Pictures with short captions
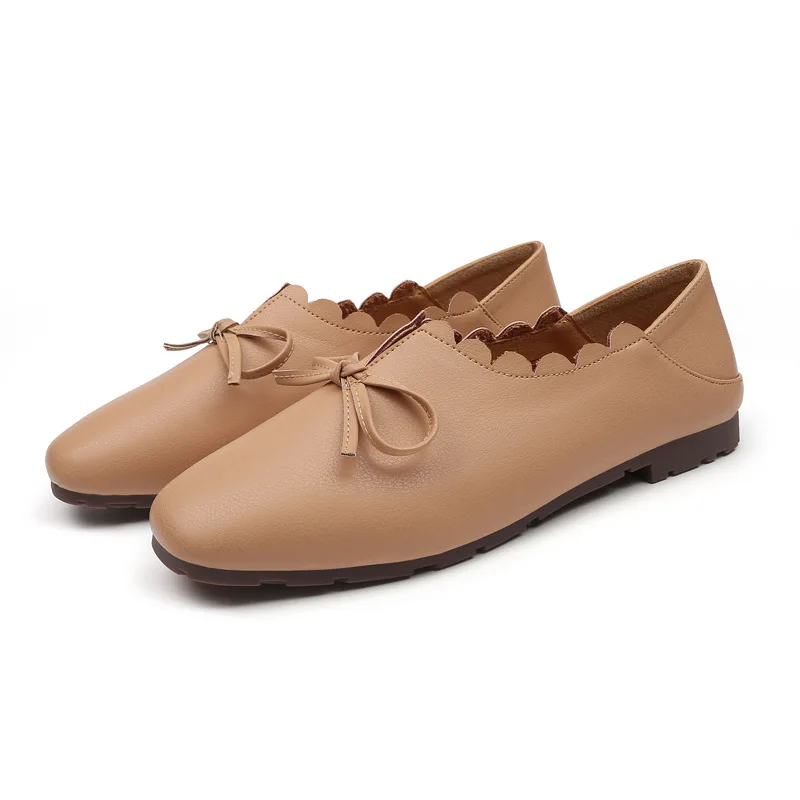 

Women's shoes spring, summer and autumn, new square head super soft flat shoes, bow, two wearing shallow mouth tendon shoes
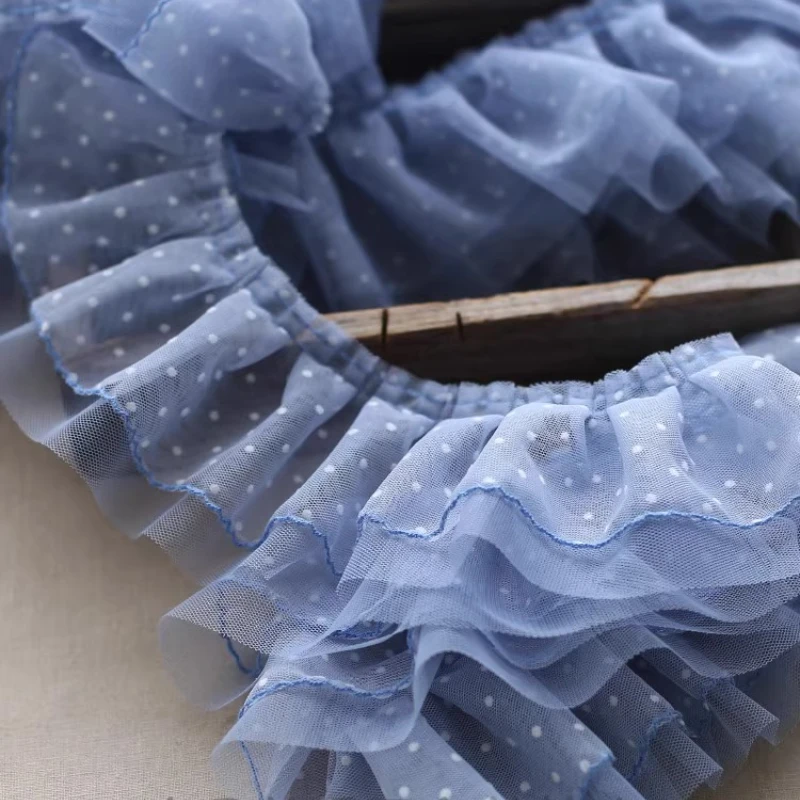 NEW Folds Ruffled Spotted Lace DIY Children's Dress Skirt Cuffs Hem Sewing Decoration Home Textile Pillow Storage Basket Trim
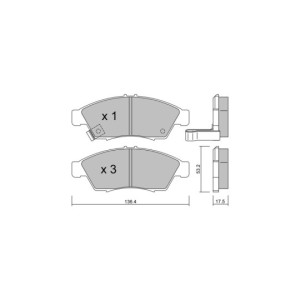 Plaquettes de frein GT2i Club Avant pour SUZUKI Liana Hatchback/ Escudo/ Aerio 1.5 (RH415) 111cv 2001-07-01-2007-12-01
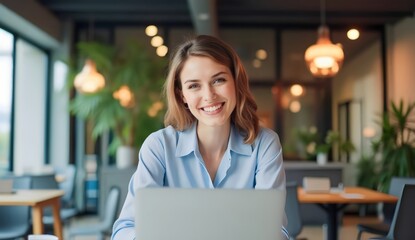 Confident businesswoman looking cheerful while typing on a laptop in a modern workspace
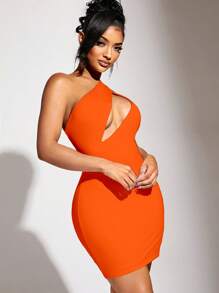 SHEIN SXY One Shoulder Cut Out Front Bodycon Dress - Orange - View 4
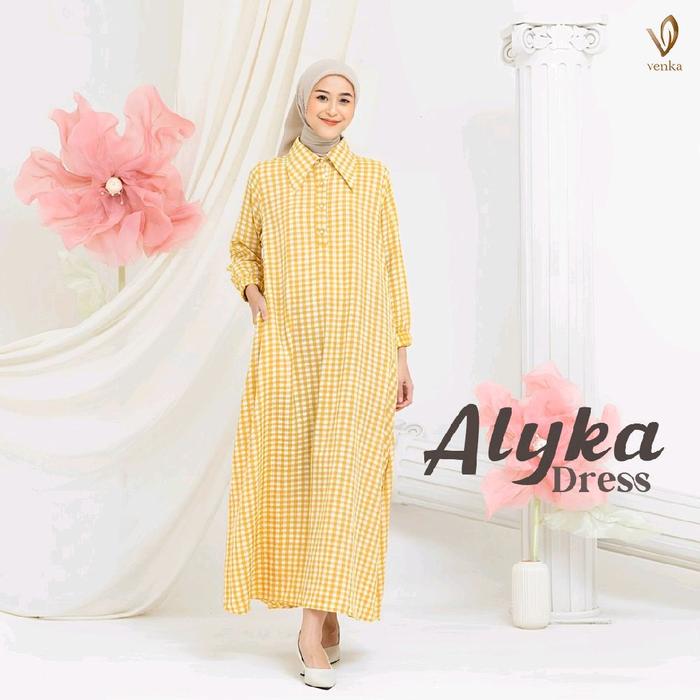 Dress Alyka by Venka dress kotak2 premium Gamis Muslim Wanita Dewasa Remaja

* **WHAT TO DO**: Return the lines from the one containing "Confident businesswoman looking" through the last line of the records, both included, exactly as written and with no pictures.

* **RESULT OF THIS TASK**:
 Confident businesswoman looking cheerful while typing on a laptop in a modern workspace
 SHEIN SXY One Shoulder Cut Out Front Bodycon Dress - Orange - View 4
 Dress Alyka by Venka dress kotak2 premium Gamis Muslim Wanita Dewasa Remaja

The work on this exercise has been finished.